Secara keseluruhan, lebih dari separuh anak (sekitar 71-78 persen) memang menunjukkan gejala, termasuk demam, batuk, diare, sakit perut dan kehilangan penciuman atau rasa, di antara gejala lainnya. Durasi gejala tampak bervariasi, ada yang hanya satu hari hingga 36 hari.
"Ini menunjukkan bahwa bahkan anak-anak yang terkena dampak ringan dan sedang tetap bergejala untuk jangka waktu yang lama," tulis DeBiasi dan Ms Delaney di editorial.
Data menunjukkan bahwa hanya 8,5 persen dari pasien dengan gejala yang didiagnosis dengan COVID-19 pada saat gejala bermunculan. Sebagian besar, sekitar 66,2 persen pasien dengan gejala memiliki gejala yang tidak dikenali sebelum mereka didiagnosis dan sekitar 25,4 persen mengembangkan gejala setelah didiagnosis.
Dengan demikian, penelitian tersebut menjelaskan konsep bahwa anak-anak yang terinfeksi lebih cenderung tidak menunjukkan gejala dan tetap beraktivitas seperti biasa. Sehingga kemungkinan berkontribusi pada sirkulasi virus di dalam komunitas mereka, catat DeBiasidan Delaney.
Advertisement
Virus tetap berada di saluran pernapasan
Studi tersebut menemukan materi genetik dari virus terdeteksi pada anak-anak selama rata-rata 17,6 hari secara keseluruhan. Bahkan pada anak-anak yang asimtomatik, virus tersebut rata-rata terdeteksi selama 14 hari. Mungkin juga virus tetap pada anak-anak lebih lama lagi, kata penelitian tersebut, karena tanggal infeksi awal tidak teridentifikasi.Namun, penelitian ini juga tidak menunjukkan bahwa anak-anak itu turut menyebarkan virus, kata para ahli.
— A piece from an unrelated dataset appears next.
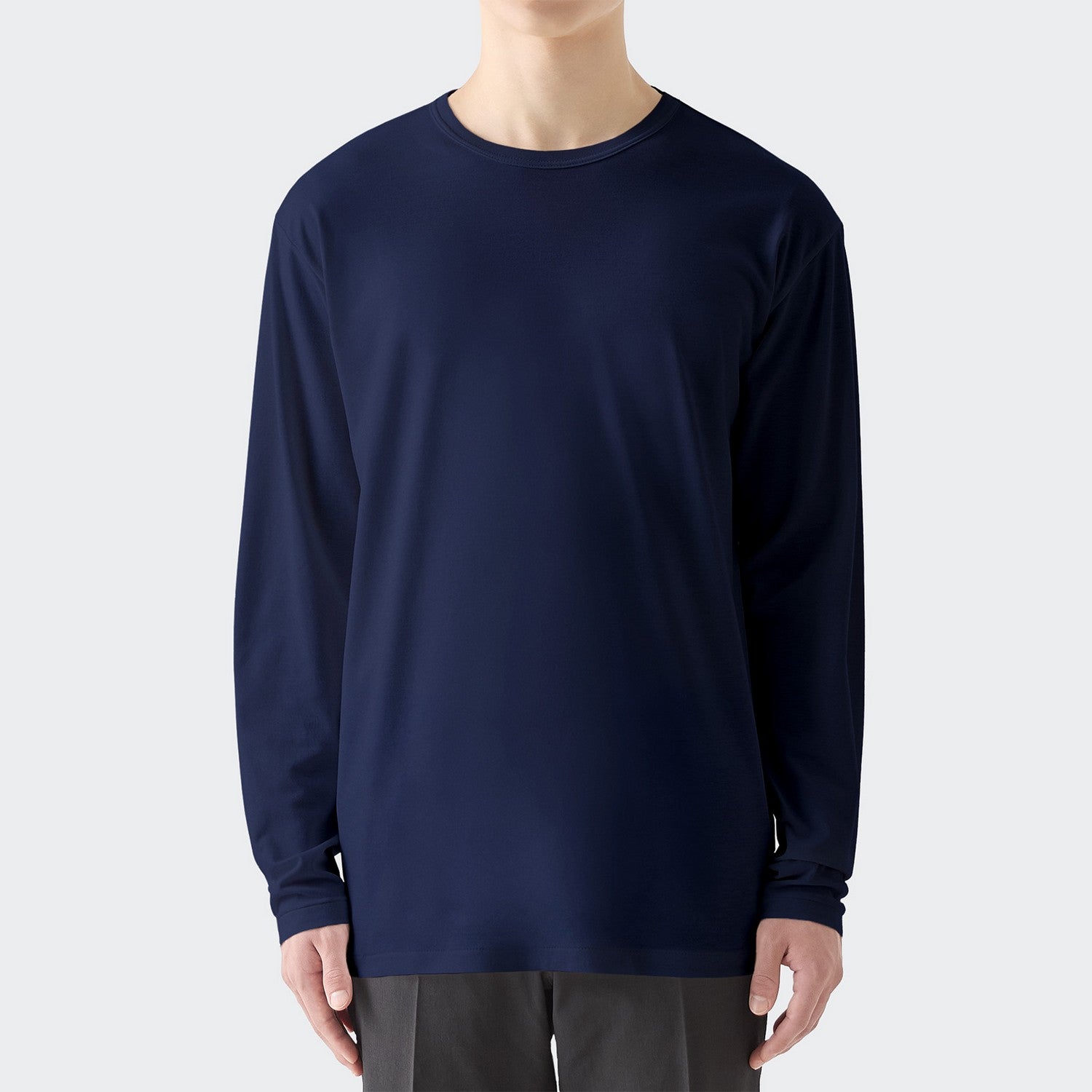 MENS ベーシック 長袖 クルーネックTシャツ NAVY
"Adanya materi genetik virus pada hasil tes swab (pada anak yang asimtomatik), tidak bisa disamakan dengan penularan sebagaimana pada orang yang menunjukkan gejala penting seperti batuk dan bersin," ujar Calum Semple, profesor bidang kesehatan anak dan pengobatan wabah di Universitas Liverpool. Ia tidak terlibat dalam penelitian.
Selain itu, metode deteksi molekuler yang sensitif dapat mendeteksi virus yang dapat hidup dan infektif tetapi juga tidak dapat hidup atau fragmen RNA yang tidak dapat ditularkan, tulis DeBiasi dan Delaney.
Lebih banyak penelitian juga diperlukan untuk menentukan apakah temuan serupa akan muncul di antara kelompok anak-anak yang lebih besar di belahan dunia lain.
Namun, menurut DeBiasi dan Delaney, studi baru ini memberikan informasi yang dapat digunakan oleh petugas kesehatan masyarakat ketika mempertimbangkan penyebaran virus di sekolah.
"Strategi pengawasan yang hanya menguji anak-anak yang bergejala akan gagal untuk mengidentifikasi anak-anak yang secara diam-diam menyebarkan virus saat berpindah-pindah di komunitas dan sekolah mereka," tulis mereka.
Di wilayah di mana penggunaan masker tidak diterima secara luas atau digunakan oleh masyarakat umum, pembawa (virus) asimtomatik dapat menyebarkan diam-diam di komunitas.
Sebagaimana pernyataan dari Goza tentang perlunya pelacakan sistematis dan luas.
"Tanpa data dan transparansi, ahli ilmu pengetahuan dan medis terhambat - dan keluarga dirugikan - karena kami kekurangan informasi yang membantu kami memahami betapa mudahnya virus ini dapat ditularkan ke orang lain dan bagaimana menghentikannya," katanya.